Remember that like charges repel. An ever-increasing negative net charge within the wire will more and more strongly repel new incoming negative charges (electrons e.g.). Soon the net charge is large enough and with a repulsion large enough to balance out the battery voltage. Then no more charges will enter, and the current will stop entirely. Since this does not happen in wires at steady state conditions in working circuits - since we clearly see that the current does not stop flowing - then all charges that enter must also be leaving each second. This is a part of Kirchhoff's current law.

You are correct, though, that charges may lose kinetic energy as heat while flowing through. They will as a result indeed slow down.

  • The next-coming charges will then have to "wait". They will "queue up" behind the slowed-down charges. In a split second all following charges will thus have slowed down to the same (drift) speed.

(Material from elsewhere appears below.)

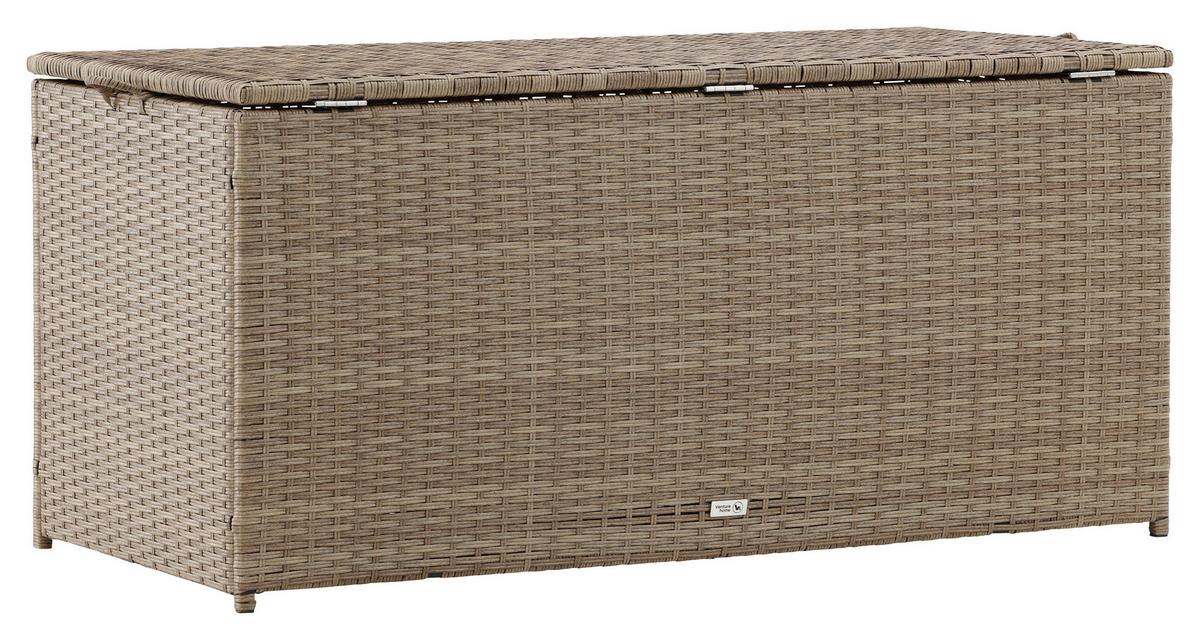 Kissenbox London ca. 130x60x60 cm Hellbraun - Hellbraun, KONVENTIONELL, Kunststoff (130/60/60cm) - Gardenson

  • In front of the slowed down charges, we could imagine the leading charges continuing ahead at higher speed. A gap would form behind them and in front of the slowed-down charges. But these leaving charges now do not "feel" the same "push" from behind. So what keeps them flowing at high (drift) speed? Any disturbance that slows them down will bring them down to the same slower speed as the slowed-down charges have reached. Also, the "gap" behind them will be a spot of less negative charge, thus a spot that they are attracted to. Such attraction from behind will also slow them down. Plenty of factors will thus eventually cause any leading faster-moving charges to slow down and match the speed as well.

All this happens in a split second. Close-to instantaneously in most practical purposes. In a split second, all charges move equally fast throughout. The current in all parts of a conductor is then the same. If you turn off the current, add a resistor component and turn on the current again, then in a split second the current will from the same reasoning stabilise at some new, lower steady state current matching this new resistance. So, when steady state has been reached (which happens in a split second in regular conductors and only is delayed when certain components are involved that are specially designed for it, such as capacitors) you will always see the same current at all points.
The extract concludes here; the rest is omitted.